SCOTTSBLUFF –Rangelands are an important part of the Nebraska Panhandle that are often overlooked in terms of the value they provide to our area. Sixty-two percent of the land area in the Panhandle (about 5.5 million acres) is categorized as rangeland.
The Society for Range Management defines rangelands as “land supporting native vegetation that has the potential to be grazed and is managed as a natural ecosystem.”
Rangeland type varies from the north to the south and west to the east in the Panhandle. In the northwestern Panhandle, shortgrass prairie (or “hard grass”) is the dominant rangeland type. Common grass species in this area include blue grama and western wheatgrass. This rangeland type is intermixed throughout the Panhandle with forestlands, riparian areas along rivers, and Sandhill pockets.
The Sandhills region begins in the eastern Panhandle. This unique environment was once a blowing sand dune complex, but, as climate became favorable for plant growth, the dunes stabilized and are now a productive perennial grassland resource.
The Sandhills are dominated by a mixed-grass rangeland type with both shortgrasses, typical of dryer climates, and tallgrasses which are common in areas farther to the east that receive higher rainfall amounts. The Sandhills also have an abundant mixture of cool-season grasses (plants that mature early in the growing season) and warm-season grasses (plants that mature in the middle of the summer). Common grass species include needle and thread, prairie sandreed, and sand bluestem.

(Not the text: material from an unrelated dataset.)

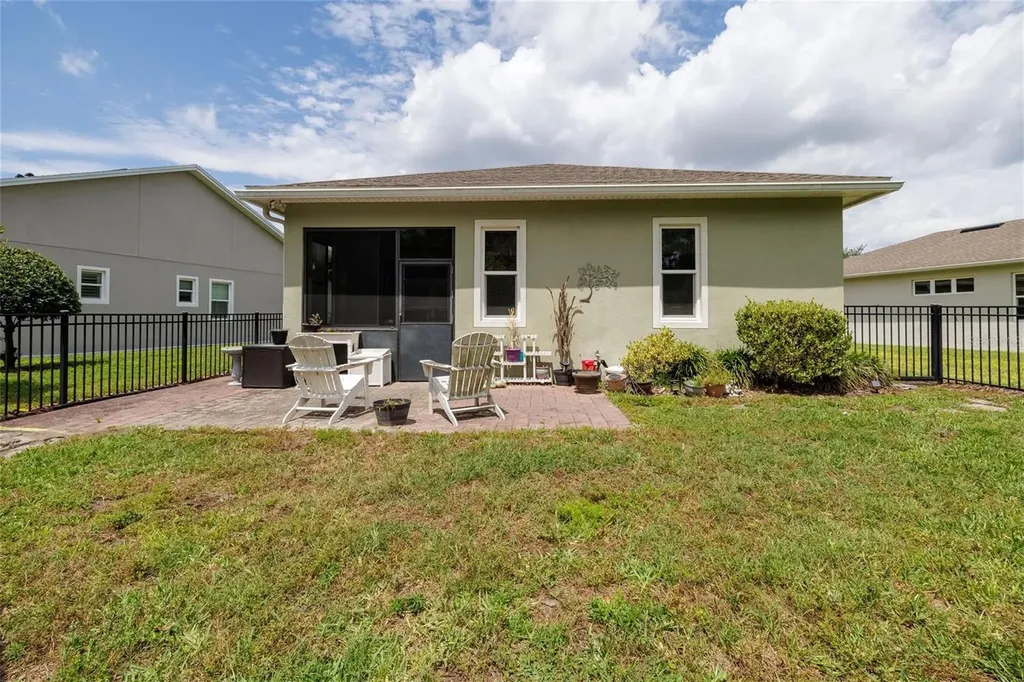 1369 Hayton Avenue Deland FL 32724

Rangelands provide valuable services to all residents of western Nebraska. The most common use of rangelands is for grazing livestock. Nebraska would not be the great beef-producing state it is without its productive rangelands. Rangelands in the Panhandle provide feed for nearly a quarter million cows, according to the U.S. Department of Agriculture’s National Agricultural Statistics Service (USDA NASS). In addition to livestock production, rangelands also offer valuable habitat and forage for a variety of wildlife species including mule deer, pronghorn, prairie dogs, and several bird species.
Other ecosystem services provided by rangelands include carbon sequestration, soil erosion control, and recreation and aesthetics.
The goal of most range managers is to have healthy, thriving ecosystems, but there are often challenges in achieving this vision. Reclamation of abandoned dryland farm ground, invasion of both non-native and native weed species, and poor range condition from past use are all issues faced by people who manage rangelands.
Drought, hail, and wildfires also create challenges to rangeland managers by reducing the available forage and requiring yearly adjustments in the amount of livestock that can graze on a particular area.